__What to produce__. The entries below contain a line with "used 2021 Jeep" and a line with "2015-2017 Mustang BBK". Quote exactly those two lines and all lines between them.

__Dataset excerpts__.

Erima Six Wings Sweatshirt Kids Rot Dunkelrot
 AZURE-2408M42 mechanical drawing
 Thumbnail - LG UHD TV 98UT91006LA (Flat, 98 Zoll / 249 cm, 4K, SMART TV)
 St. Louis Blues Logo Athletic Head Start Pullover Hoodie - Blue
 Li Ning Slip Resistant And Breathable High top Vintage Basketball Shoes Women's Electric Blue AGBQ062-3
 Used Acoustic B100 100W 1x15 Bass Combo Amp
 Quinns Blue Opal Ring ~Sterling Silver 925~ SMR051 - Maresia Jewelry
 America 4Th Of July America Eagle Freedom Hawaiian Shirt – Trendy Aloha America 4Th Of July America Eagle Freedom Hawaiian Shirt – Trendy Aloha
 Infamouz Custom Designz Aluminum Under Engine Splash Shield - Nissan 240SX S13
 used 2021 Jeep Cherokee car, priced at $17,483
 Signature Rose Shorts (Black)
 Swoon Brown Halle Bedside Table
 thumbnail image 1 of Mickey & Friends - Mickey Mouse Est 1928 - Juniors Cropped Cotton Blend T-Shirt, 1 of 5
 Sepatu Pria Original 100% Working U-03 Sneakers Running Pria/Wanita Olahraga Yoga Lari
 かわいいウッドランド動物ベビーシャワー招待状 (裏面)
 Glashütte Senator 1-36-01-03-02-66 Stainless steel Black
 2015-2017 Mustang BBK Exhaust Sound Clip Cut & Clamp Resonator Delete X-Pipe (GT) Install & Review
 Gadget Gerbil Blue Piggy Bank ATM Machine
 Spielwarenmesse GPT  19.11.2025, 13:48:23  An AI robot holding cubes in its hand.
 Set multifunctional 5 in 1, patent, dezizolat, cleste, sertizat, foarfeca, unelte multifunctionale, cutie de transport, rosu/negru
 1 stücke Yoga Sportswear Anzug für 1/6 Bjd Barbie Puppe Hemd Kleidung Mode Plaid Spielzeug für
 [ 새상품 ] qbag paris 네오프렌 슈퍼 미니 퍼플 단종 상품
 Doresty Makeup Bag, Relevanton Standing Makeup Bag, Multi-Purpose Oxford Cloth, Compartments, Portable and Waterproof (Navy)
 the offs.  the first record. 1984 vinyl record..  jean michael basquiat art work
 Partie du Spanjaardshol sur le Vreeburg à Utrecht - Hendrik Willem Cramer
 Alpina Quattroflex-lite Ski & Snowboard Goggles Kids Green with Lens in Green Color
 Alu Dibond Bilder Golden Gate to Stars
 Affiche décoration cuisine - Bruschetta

__Solution for this task__.
 used 2021 Jeep Cherokee car, priced at $17,483
 Signature Rose Shorts (Black)
 Swoon Brown Halle Bedside Table
 thumbnail image 1 of Mickey & Friends - Mickey Mouse Est 1928 - Juniors Cropped Cotton Blend T-Shirt, 1 of 5
 Sepatu Pria Original 100% Working U-03 Sneakers Running Pria/Wanita Olahraga Yoga Lari
 かわいいウッドランド動物ベビーシャワー招待状 (裏面)
 Glashütte Senator 1-36-01-03-02-66 Stainless steel Black
 2015-2017 Mustang BBK Exhaust Sound Clip Cut & Clamp Resonator Delete X-Pipe (GT) Install & Review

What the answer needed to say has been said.